The week in Pop (& Hiss) and more
Pop & Hiss strives to provide the best, most relevant and entertaining music coverage of the week. Hey, it's a goal, be nice. Sometimes we have some posts that hit the mark. Sometimes we don't and others do. Here's a quick look at some of the best of what Pop & Hiss and The Times had to offer this week, as well as some stuff we missed.
From the ol' Pop & Hiss:
- Female music industry insiders talk gender, race, sexuality in pop music. Artists utilizing and exploring their sexuality through music isn't news -- it's part of their self-expression. But today, as much as ever, pop music's biggest players, especially female -– be it Lady Gaga, Beyonce, Rihanna, Katy Perry or Nikki Minaj -– have all found ways to harness their sexuality to their benefit.
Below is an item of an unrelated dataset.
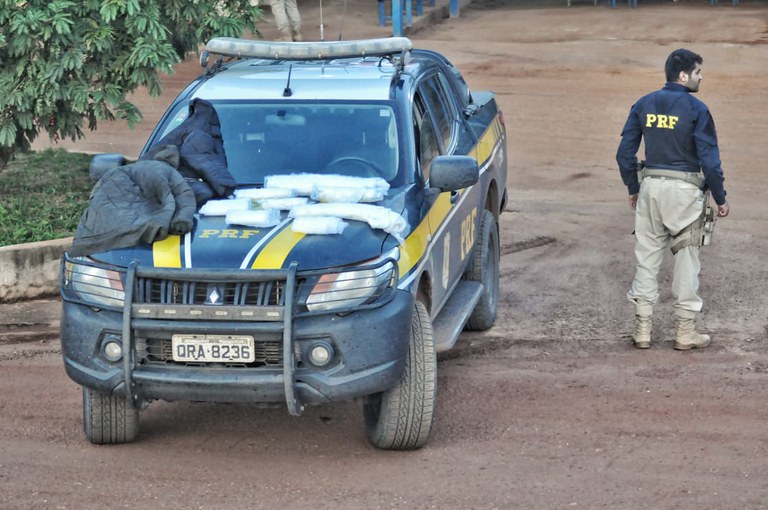 Em Guajará-Mirim/RO, PRF flagra mulher traficando cocaína líquida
- Electric Daisy leaving L.A. for Las Vegas; 'Good riddance,' says Coliseum commissioner. The ongoing brouhaha between Los Angeles politicos and promoters of dance-focused concerts has seemingly resulted in one of the nation's largest electronic music festivals leaving Los Angeles for Las Vegas. Insomniac Inc.'s two-day Electric Daisy Carnival, which last June drew between 80,000 and 100,000 people per day to the L.A. Memorial Coliseum and adjoining Exposition Park, is leaving the Coliseum for Vegas after Insomniac's 13 years working with the L.A. venue.
- Fingerprints record store: Thriving despite music industry woes. Someone apparently forgot to tell store owner Rand Foster that people pluck their music from the clouds now, rather than exchange cash for it in bricks-and-mortar emporiums such as Fingerprints. Not only has Foster's indie venture survived 18 years of a drastically changing retail environment, but the soft-spoken entrepreneur also just doubled Fingerprints' footprint, moving to this space two times bigger than its longtime Belmont Shores home.
- Moby, Crystal Method top 'Dance for Equality' bill March 2 in Hollywood. Moby, the Crystal Method and artist Shepard Fairey will headline the Courage Campaign's "Dance for Equality" fundraiser on Tuesday, March 2, at Avalon in Hollywood in support of legal efforts defending same-sex marriages.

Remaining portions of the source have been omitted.